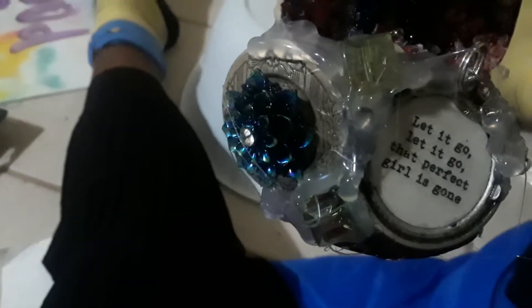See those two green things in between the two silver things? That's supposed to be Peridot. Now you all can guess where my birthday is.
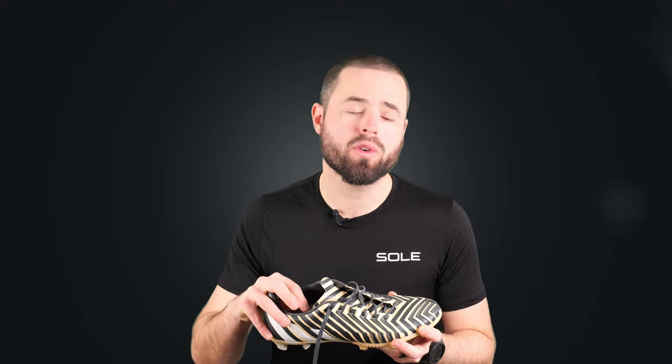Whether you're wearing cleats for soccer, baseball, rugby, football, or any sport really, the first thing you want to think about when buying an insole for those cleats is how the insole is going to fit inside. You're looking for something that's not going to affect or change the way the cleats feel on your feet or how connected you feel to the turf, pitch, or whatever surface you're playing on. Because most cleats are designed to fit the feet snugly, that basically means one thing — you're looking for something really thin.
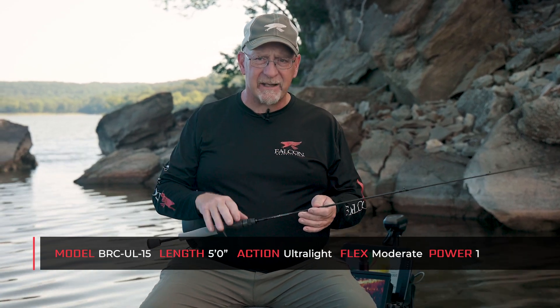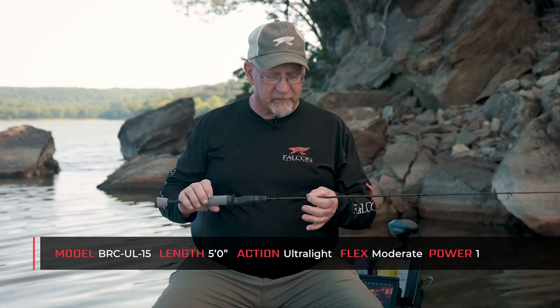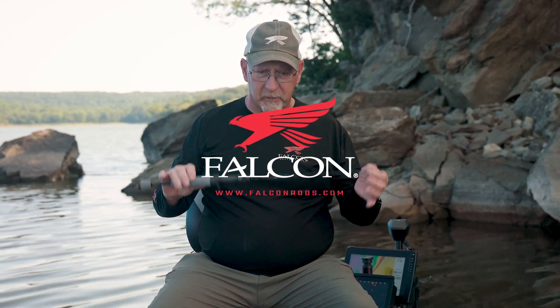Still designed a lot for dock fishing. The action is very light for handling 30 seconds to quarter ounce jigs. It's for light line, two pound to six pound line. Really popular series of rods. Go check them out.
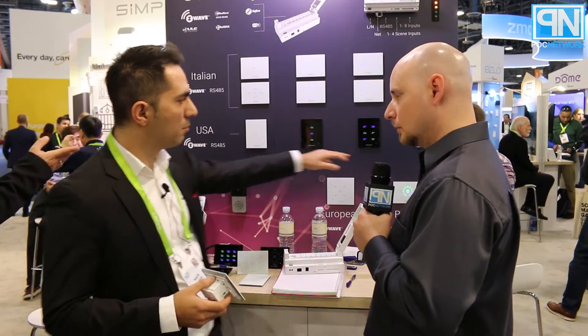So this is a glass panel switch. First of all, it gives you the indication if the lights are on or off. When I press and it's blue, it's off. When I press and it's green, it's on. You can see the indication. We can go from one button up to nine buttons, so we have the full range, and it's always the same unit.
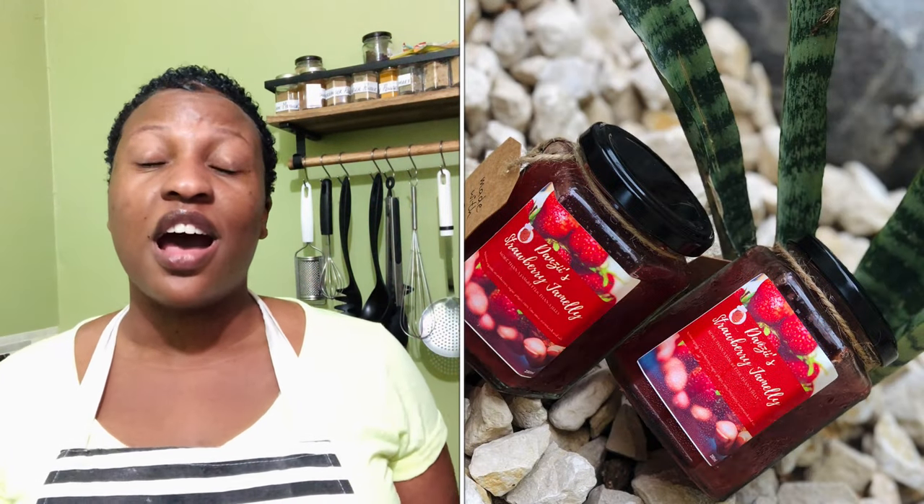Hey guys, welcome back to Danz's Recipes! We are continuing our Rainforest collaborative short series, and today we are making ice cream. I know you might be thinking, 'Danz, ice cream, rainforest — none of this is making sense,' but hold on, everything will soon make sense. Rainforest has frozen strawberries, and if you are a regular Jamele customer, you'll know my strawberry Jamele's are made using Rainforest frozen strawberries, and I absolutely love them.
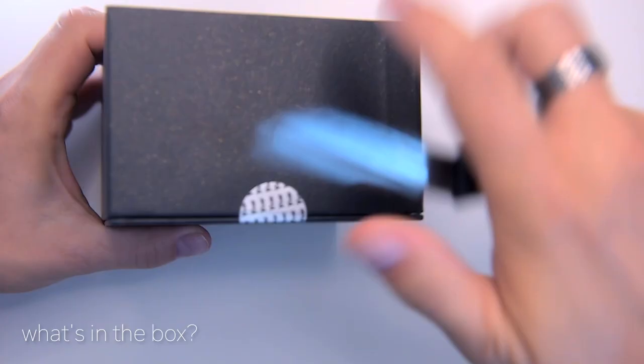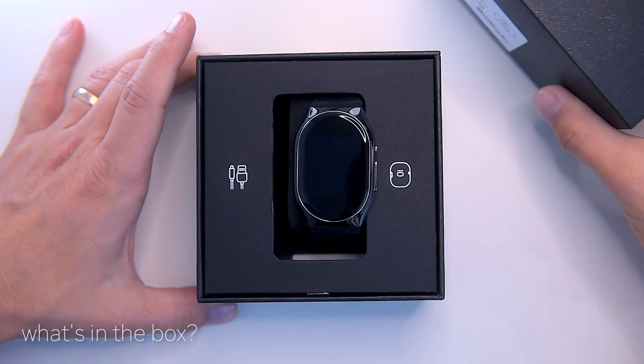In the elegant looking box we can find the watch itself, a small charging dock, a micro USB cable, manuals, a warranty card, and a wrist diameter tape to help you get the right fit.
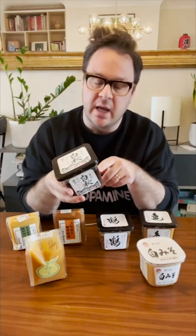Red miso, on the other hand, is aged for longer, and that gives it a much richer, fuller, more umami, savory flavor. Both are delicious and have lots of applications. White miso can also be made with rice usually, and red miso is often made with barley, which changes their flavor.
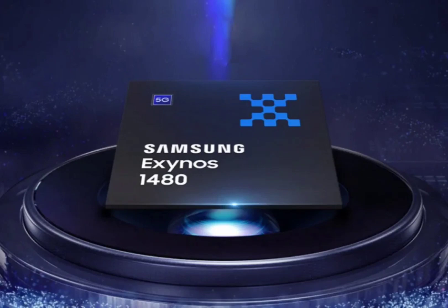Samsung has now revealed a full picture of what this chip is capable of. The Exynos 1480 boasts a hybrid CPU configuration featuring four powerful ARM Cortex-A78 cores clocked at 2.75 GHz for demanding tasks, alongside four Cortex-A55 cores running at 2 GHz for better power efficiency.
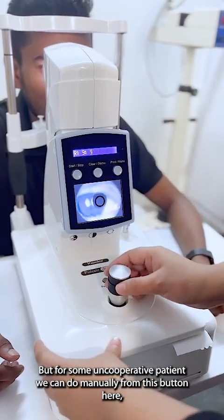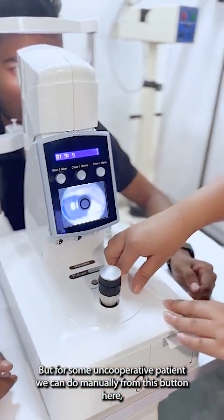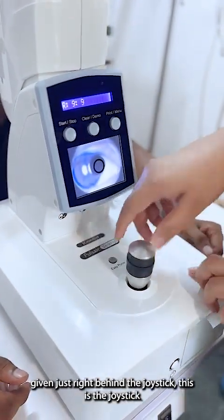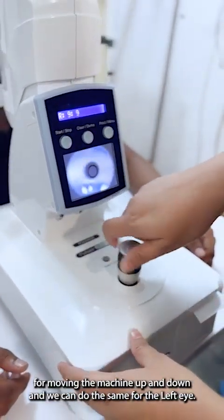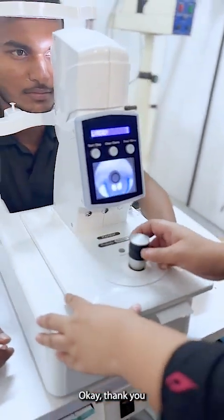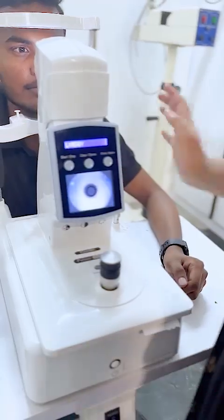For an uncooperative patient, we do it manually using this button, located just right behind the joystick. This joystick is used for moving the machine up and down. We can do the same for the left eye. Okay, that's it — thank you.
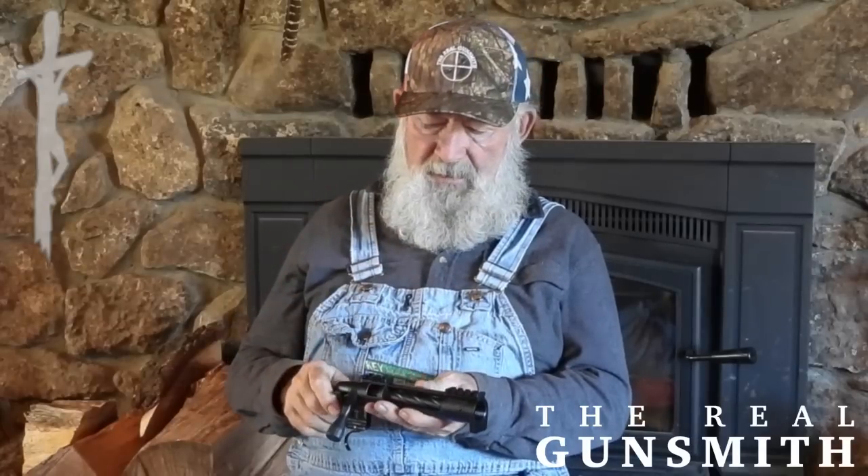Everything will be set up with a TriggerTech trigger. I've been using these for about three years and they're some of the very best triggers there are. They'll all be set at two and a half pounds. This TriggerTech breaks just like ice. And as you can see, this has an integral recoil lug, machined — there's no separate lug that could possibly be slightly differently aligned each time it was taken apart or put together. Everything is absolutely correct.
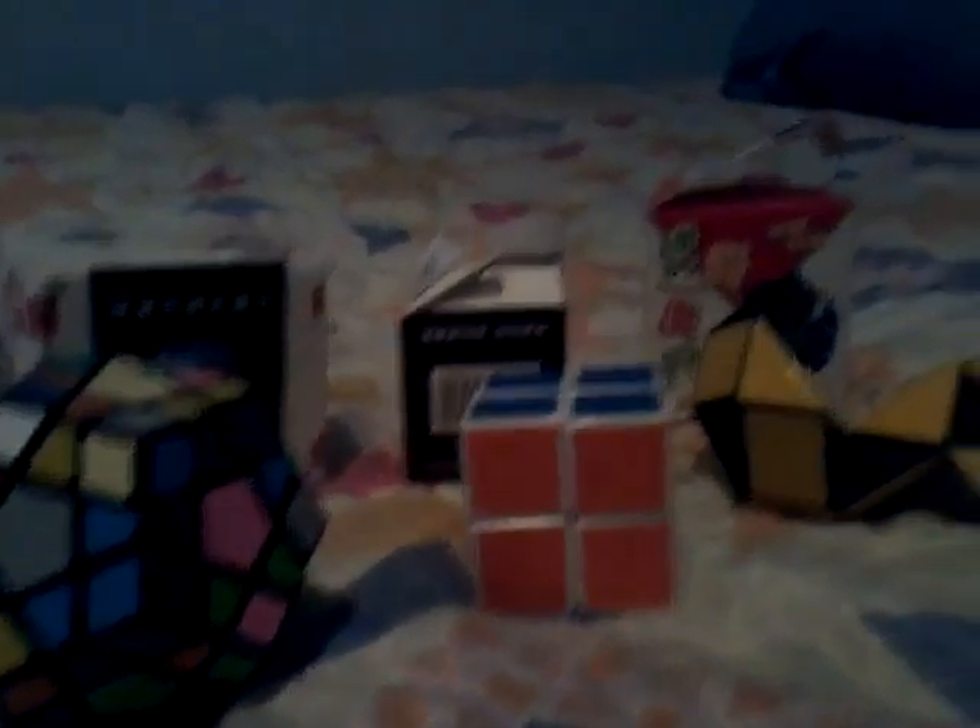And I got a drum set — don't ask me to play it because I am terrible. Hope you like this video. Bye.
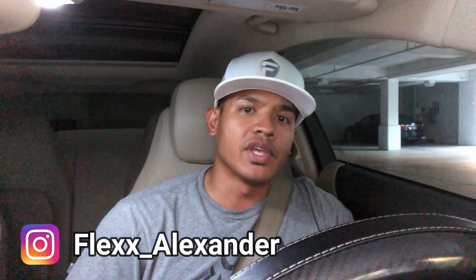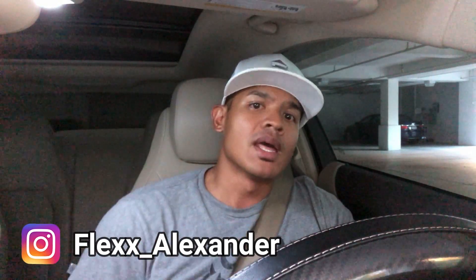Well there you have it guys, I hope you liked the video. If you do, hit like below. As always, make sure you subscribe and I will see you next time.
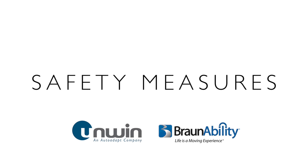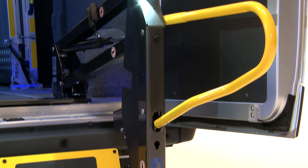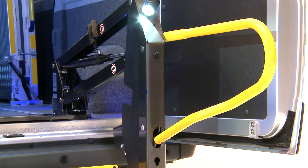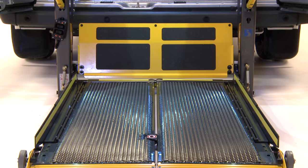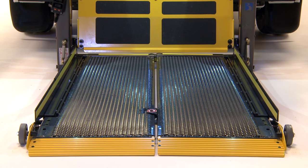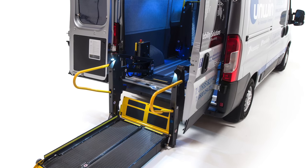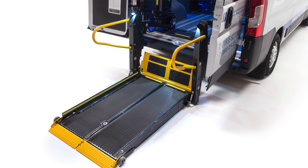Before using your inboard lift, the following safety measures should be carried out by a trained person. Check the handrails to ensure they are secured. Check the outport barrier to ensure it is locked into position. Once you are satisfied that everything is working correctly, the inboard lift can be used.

:::

Make an exact copy of the lines above, beginning with the line with "And I got a" and ending with the line with "Well there you", and keep the pictures out of it.

**Result:**
And I got a drum set — don't ask me to play it because I am terrible. Hope you like this video. Bye.
Well there you have it guys, I hope you liked the video. If you do, hit like below. As always, make sure you subscribe and I will see you next time.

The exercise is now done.